Mole Park Animals on Killing Spree

Posted by on October 18, 2010 at 1:48 pm in Local News, Other Stories, Travel & Tourism

The Gonja Youth Association on behalf of the people of Laribanga, a small community in the West Gonja District of the Northern Region, has noted with grave concern the rate at which inhabitants were being killed by wild animals from the Mole National Park, a nearby game reserve.
“Over the past 20 years, the people of Laribanga and the surrounding communities have been suffering in the hands of the Mole National Park guards and the animals in the reserve.
Farming is the major economic activity and the main source of income to the people but wild animals including elephants in the reserve have over the years caused enormous destruction to the farms of the people, native and non-native alike,” a Legal Officer from the Legal Resource Centre, Abraham Amaliba, who is also a human right advocate, disclosed this during a press conference held in Accra.
What is more, he revealed that the animals often times go on a killing spree and kill any farmer or inhabitant they find on their way to their farms.
Legal officer said the killing situation has reached an alarming point in the town and its environs as more death cases have been reported as a result of the ridiculous actions by the guards of the Mole National Park and the Game Reserve.
He continued that for the past 20 years the animals, especially the elephants always invade the farms, pulling down trees and destroying the farm produce that the farmers have toiled for.
“This problem has compelled the farmers to go back and watch over their farms at midnight after a hard day’s work and according to him, that was the only way the farmers could adopt as a strategy to guard their farms against the wild animals,” he maintained.
He decried the development, wondering whether that was the prize the people of Laribanga will have to pay after willingly giving out their lands freely for the establishment of the game reserve.
Mr.

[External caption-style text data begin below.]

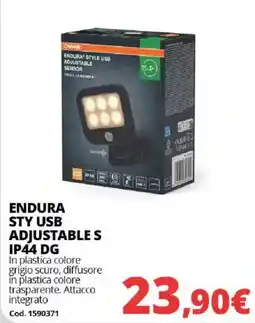 Brico Io ENDURA STY USB ADJUSTABLE S IP44 DG offerta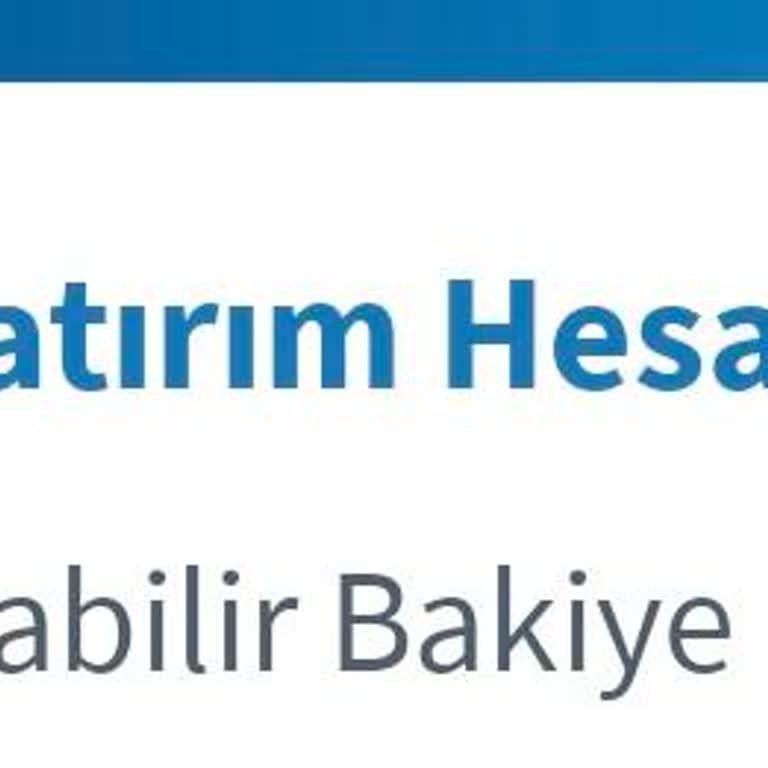 Halkbank Yatırım Hesabım Kapatılamıyor Ve Silinmedi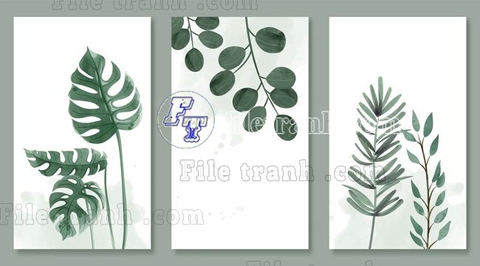 Tranh Lá Cây Nhiệt Đới | Tranh Ngọc Việt - Đắk Lắk | Tranh Ngọc Việt - Xưởng Tranh Đẹp Buôn Ma Thuột (BMT) DakLak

Amaliba recounted similar a case where on the 12th September 2010, one Seidu Soale who is a farmer went to watch over his farm at around 12 midnight where he saw an elephant busily destroying his farm and therefore decided to pull the animal back into the game reserve.
He said the guards upon seeing what Seidu was doing immediately started to fire bullets at him.

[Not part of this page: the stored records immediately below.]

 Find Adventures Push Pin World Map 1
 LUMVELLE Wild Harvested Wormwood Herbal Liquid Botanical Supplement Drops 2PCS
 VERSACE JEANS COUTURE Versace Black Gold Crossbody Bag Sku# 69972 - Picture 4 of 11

He indicated that Seidu in his attempt to flee from the guards got shot in the process and received several shots at his back which later led to his untimely death.

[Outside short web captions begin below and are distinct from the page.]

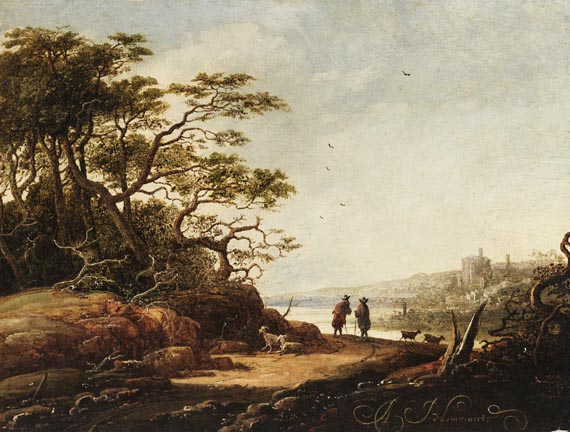 Abraham Blommaert (von Middelburg) - Küstenlandschaft mit zwei Hirten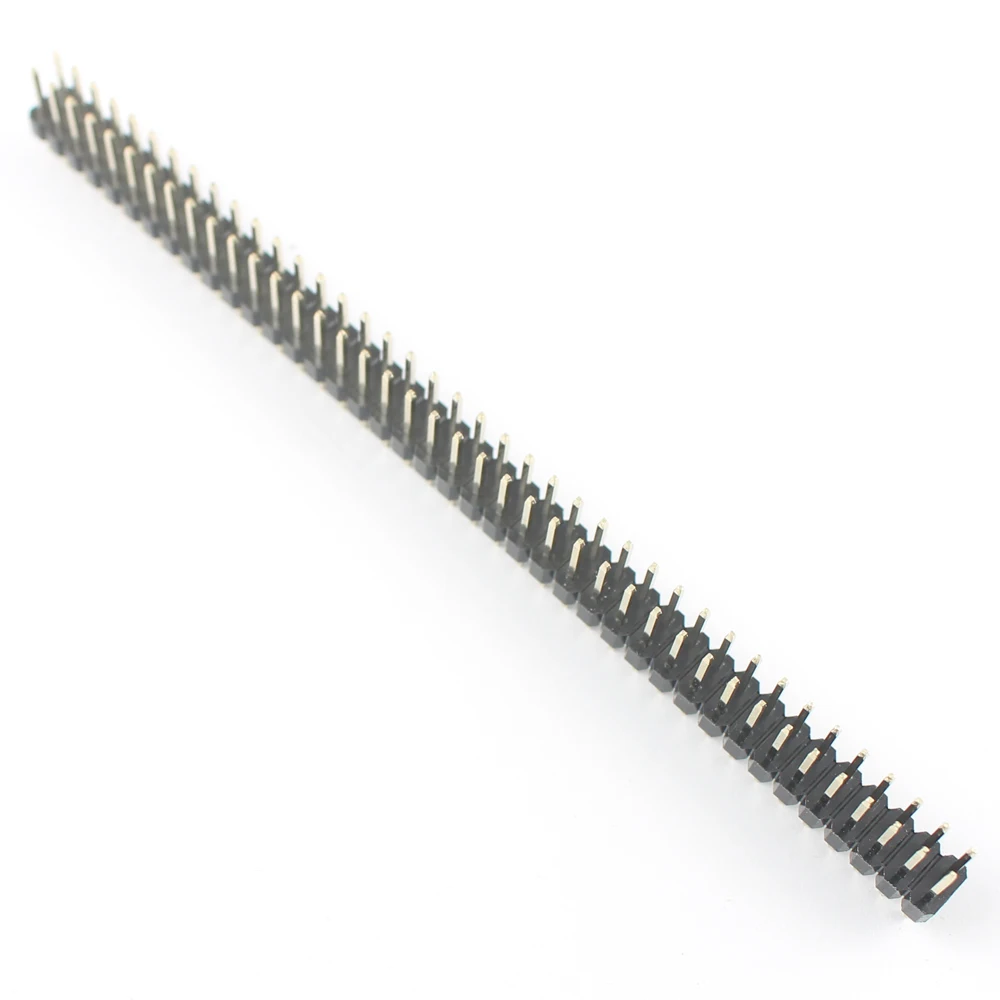 100 шт. 2 54 мм Шаг 2x40 80 Pin типа папа двойной прямой ряд штыревой разъем полосы |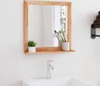 vidaXL Lustro ścienne 55x55 cm z litego drewna orzechowego Podgląd zdjęcia produktu 8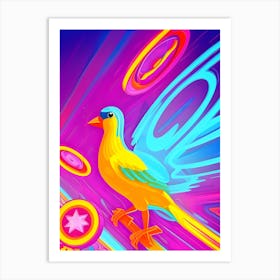 Psychedelic Bird-Reimagined Art Print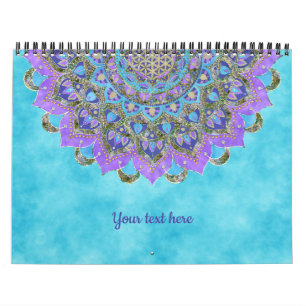 Livslängd - Mandala India Stil 2 Kalender
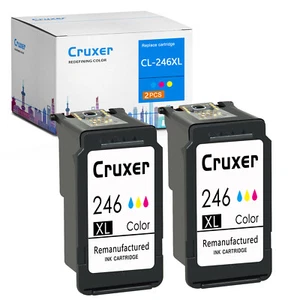 Tinta tricolor 2Pk CL-246XL para Canon CL-246 XL MG2400 MG2924 MG3020 TS3322 MX490 - Imagen 1 de 8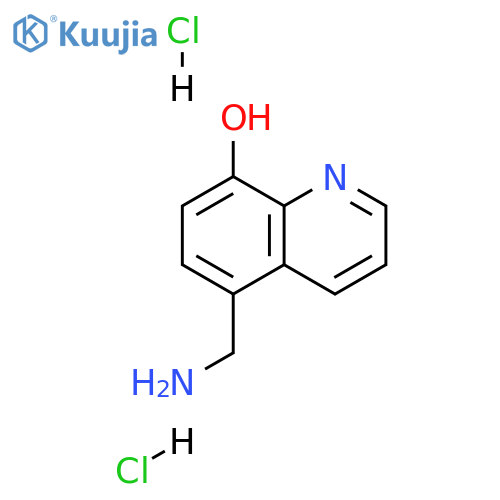5-(aminomethyl)quinolin-8-ol dihydrochloride structure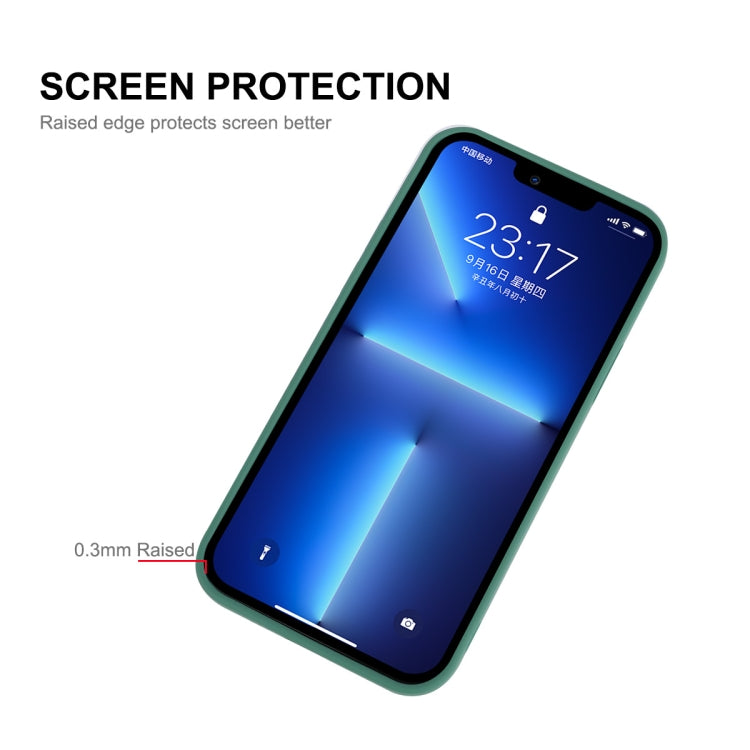 For iPhone 12 Pro ENKAY Liquid Silicone Phone Case(Dark Green) - iPhone 12 / 12 Pro Cases by ENKAY | Online Shopping UK | buy2fix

The legal officer revealed in grief that anytime these guards kill a farmer they carry the dead body and deposit it at a morgue in the town without first reporting to the police, adding that, they sometimes throw the dead bodies into the bush after they have killed them.
Mr. Amaliba went to say that what baffled Laribanga inhabitants is the lacklustre attitude on the part of the police to investigate these strange killings.
This, he noted, had given the guards power to do anything they want in the forest.
“What is of great concern to the people of Laribanga and the surrounding communities is the heartless manner in which the people are gunned down by the guards of the game reserve in the name of preserving the animals. In all these killings, nobody has ever been convicted for such heinous crimes. Where some of the cases have found their way to the court, the culprits have been left off the hook owing to sloppy investigations conducted by the police. This has emboldened the killers who have chosen to continue the abuse of rights of the people. The guards always claim that their victims die in a cross fire which the police will always corroborate but never true” the human right activist decried.
It is against this background that the Gonja Youth Association made a passionate appeal to the Inspector-General of Police (IGP), Paul Tawiah Quaye, to send other officials from Accra to the region to thoroughly investigate the numerous killing cases.
The association also called on government to compensate the family of the late Soale since he happened to be the bread winner of his family.